Text chunks

When developing resvg, text chunks were probably one of the hardest things about text to wrap my head around.

When someone thinks about SVG text they probably imagine something like this:

<text x="5" y="10" font-family="Arial">
    <span fill="red">red</span> text
</text>

Basically, a text with some styles applied to it. And this is true in most cases, but it's not how SVG text structure actually looks like. SVG has an additional, hidden structure level called text chunk. Every time there is an x or y attribute in <text> or <tspan> - a new text chunk is defined. This means that an SVG text element actually contains a list of text chunks, where each chunk contains text with styles applied to it.

In some sort of pseudo-code it should look like:

class Text:
    chunks: list[TextChunk] = []

class TextChunk:
    text: str = ""
    spans: list[TextSpan] = []
    alignment: int = 0 # start/mid/end

class TextSpan:
    # fill, stroke, font, etc.

For example, this text element has two chunks: some at 5,10 and text at 5,20.
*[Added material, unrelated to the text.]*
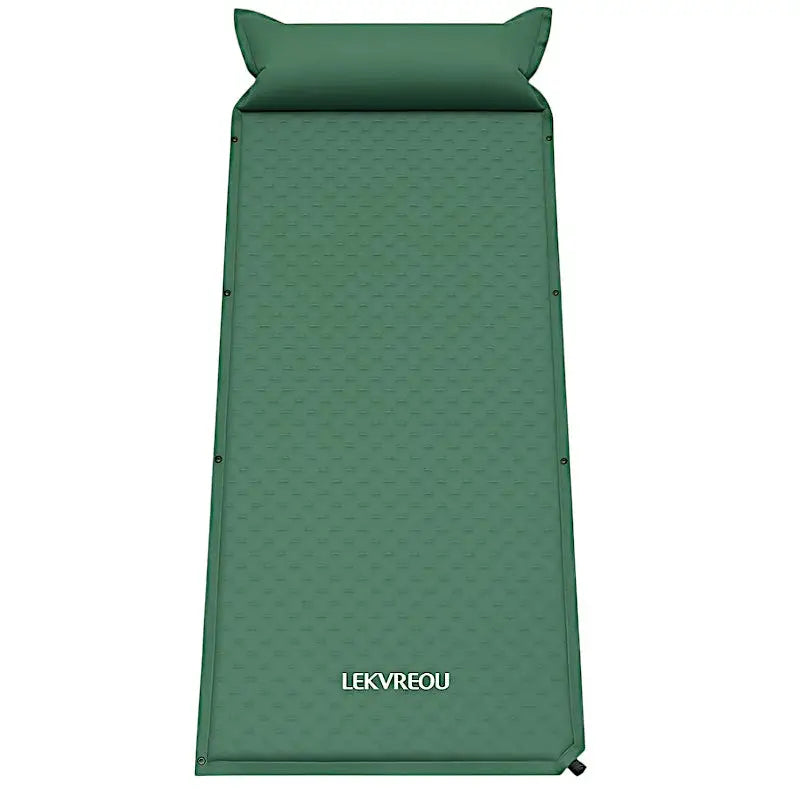 Matelas autogonflant trekking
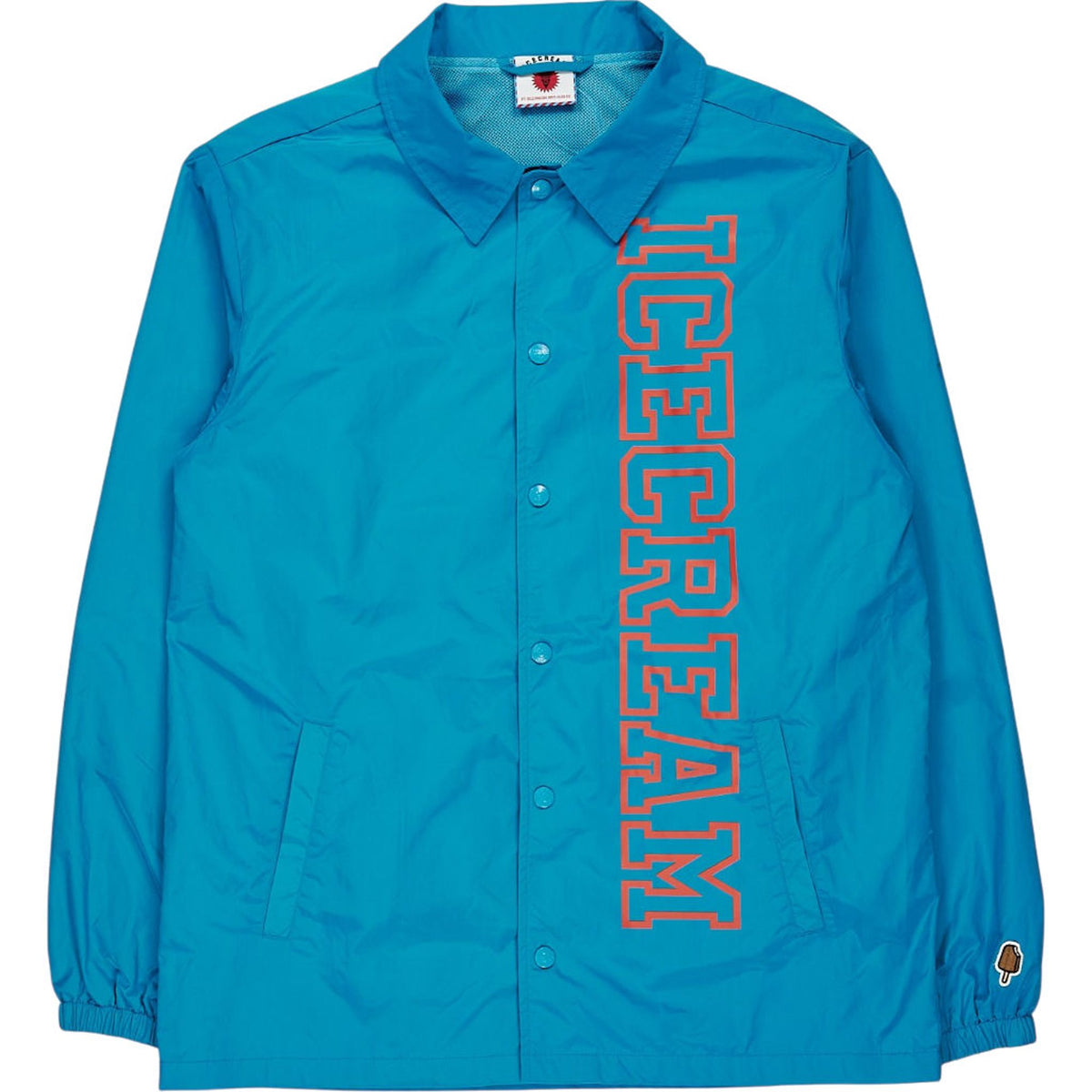 Billionaire Boys Club Blue Jacket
<text x="5" y="10" font-family="Arial">
    some
    <tspan y="20">text</tspan>
</text>

Why is this important? Because this is what a line of text in SVG means - a chunk.
This is a line of text that would be passed to a text shaper/layout, and not the whole element's content.
This is a line of text that would be aligned via text-anchor, and not the whole element's content or individual <tspan>.
It's a very subtle nuance, but many libraries fail to handle it correctly.

For example, in this case, text-anchor has no effect because that <tspan> doesn't define a new chunk by setting an absolute coordinate.

<text x="5" y="10" font-family="Arial">
    some
    <tspan text-anchor="end">text</tspan>
</text>

In theory, each text chunk can be extracted into its own text element, while tspan can't.


Also, while it's not clear from the spec, each textPath defines a new chunk as well.

Another interesting edge case is that there could be only one writing-mode per text element. An individual chunk or span cannot have their own writing modes.